Eloy Jimenez reminds Frank Thomas of Vlad Guerrero, and more rebuild thoughts from the Big Hurt

Here’s a comp that’ll get White Sox fans really excited. It’s a Hall of Famer saying that the organization’s top-ranked prospect reminds him of another Hall of Famer.

“The kid Eloy (Jimenez), I’ve really watched him a lot. He’s a tremendous (player),” Frank Thomas said. “He reminds me of a young Vlad (Guerrero) that can cover the whole zone and use the whole field. I’m interested in seeing how he progresses.”

Eloy a young Vladdy, eh?

Don’t tell actual young Vladdy that — Vladimir Guerrero Jr. is ranked one spot ahead of Jimenez on MLB Pipeline’s list of the best prospects in baseball — but that’s one heck of a comp for a player that White Sox fans are already immeasurably excited about.

Thomas was back on the South Side on Sunday to join Hawk Harrelson in the broadcast booth for the latter’s sendoff season. He spoke a lot about what Harrelson meant to him and the White Sox, but he also answered questions about the team’s ongoing rebuild. Thomas has kept a close eye both in his roles as an analyst for FOX and someone who will always be invested in this team.

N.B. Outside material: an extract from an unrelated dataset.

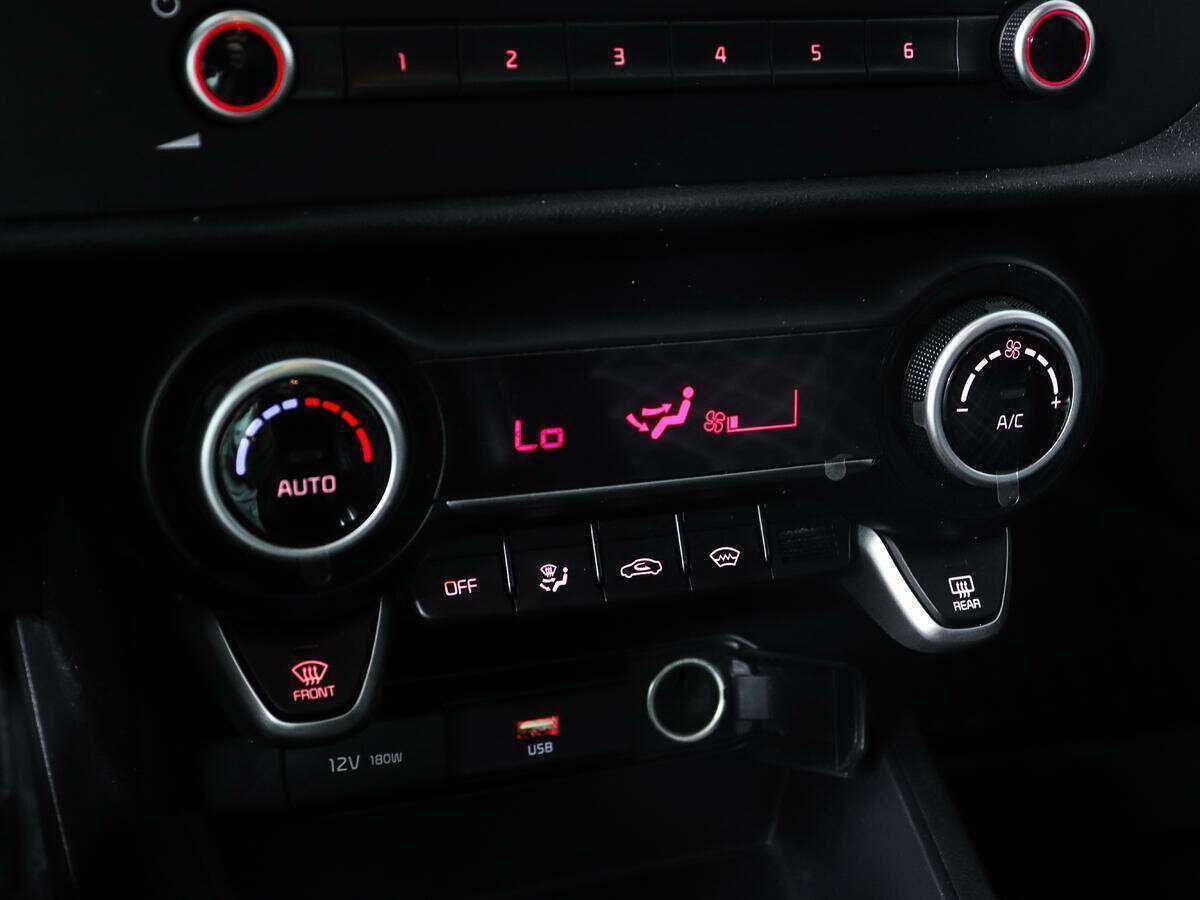 Kia Rio б/у, 2021, Автоматическая. Фото: #14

“It’s Chicago, and we’re used to winning,” Thomas said when he was asked if the White Sox needed to undergo such a process. “You normally get away with this in a smaller market, but you’ve got to understand they’ve taken their time with it. They wasted a lot of money for a five-year period trying to continue to be successful the way we were in the past and it wasn’t working.

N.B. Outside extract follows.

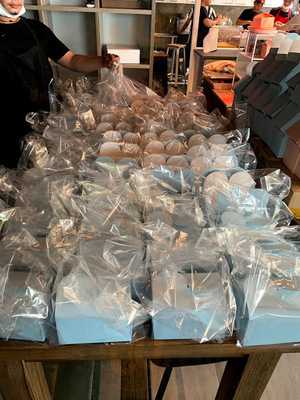 โดนัท นมสด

“The game has changed. The game has totally changed. It’s a different ballgame now. It’s all about the youth. … The hardest part they’re going to have, though, is figuring out who’s going to be here and who’s not going to be here because over the next couple years they’ve got so many young talented players in Double-A and Triple-A that someone could actually force some of these guys out. It’s going to be a hard decision what they’re going to have to do.”

That’s the good problem Rick Hahn and his front office would like to have.

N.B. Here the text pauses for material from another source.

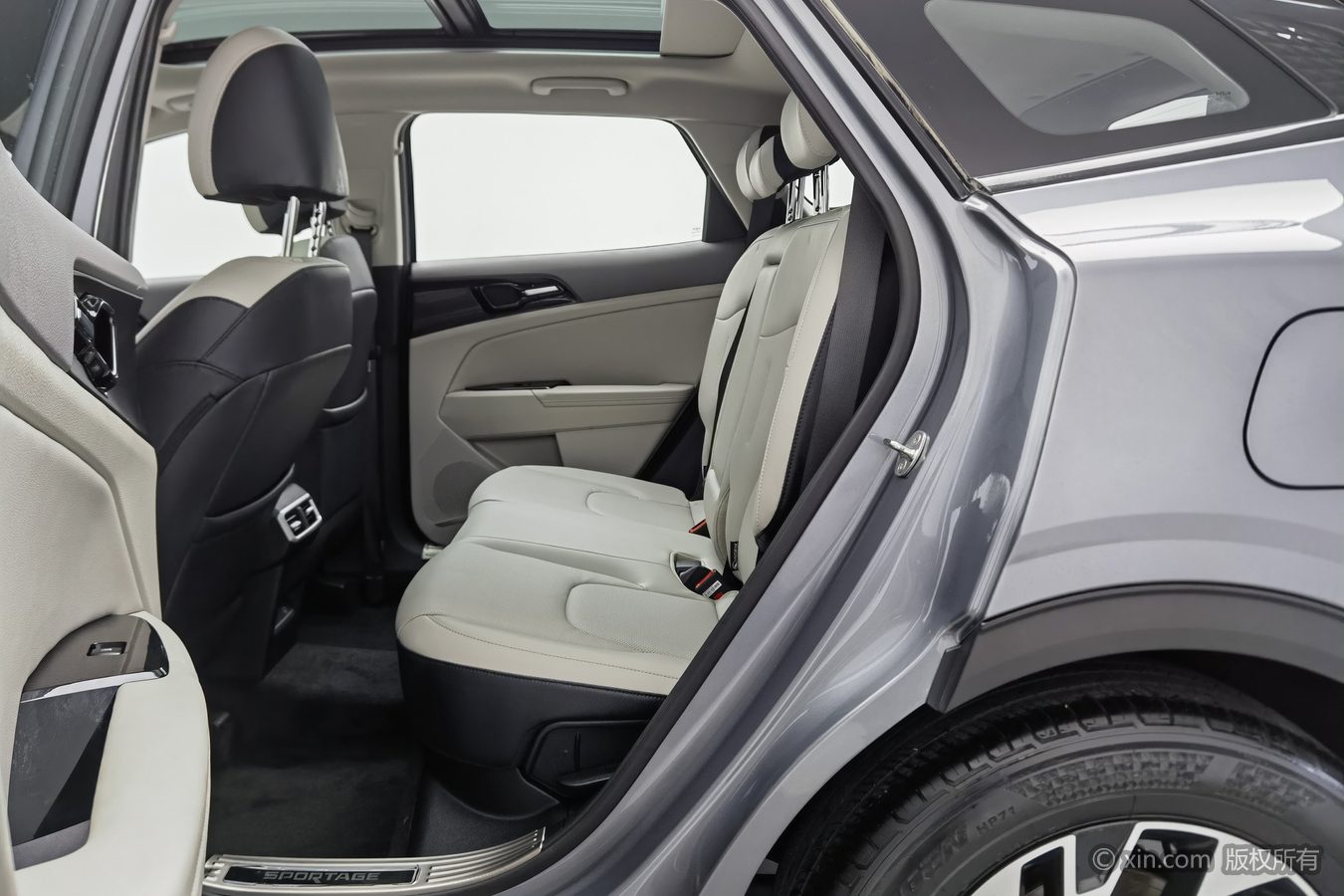 Kia Sportage 2024 image de voiture #16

While fan buy-in to the rebuilding effort has been tremendous, there are some who will continue to question the willing suffering through losing seasons at the major league level while the contending team of the future develops in the minor leagues. But if you look at the teams that have won and played in the World Series in recent seasons — and even seasons long past — the process almost seems mandatory if you want to reach that level.

“It is,” Thomas said. “I’ve watched it firsthand. I first saw it with Cleveland when I was playing. Cleveland did it. Then you saw the Royals do it. You saw Houston do it, and they’re tearing it up with that youth. There’s been some other teams that have had a lot of success with it, too. I think Billy Beane has been great with it in Oakland for many, many years. They just haven’t had the luxury of keeping it together and going for the World Series, but he continues to create young superstars and basically trading them off for whatever the organization needs.”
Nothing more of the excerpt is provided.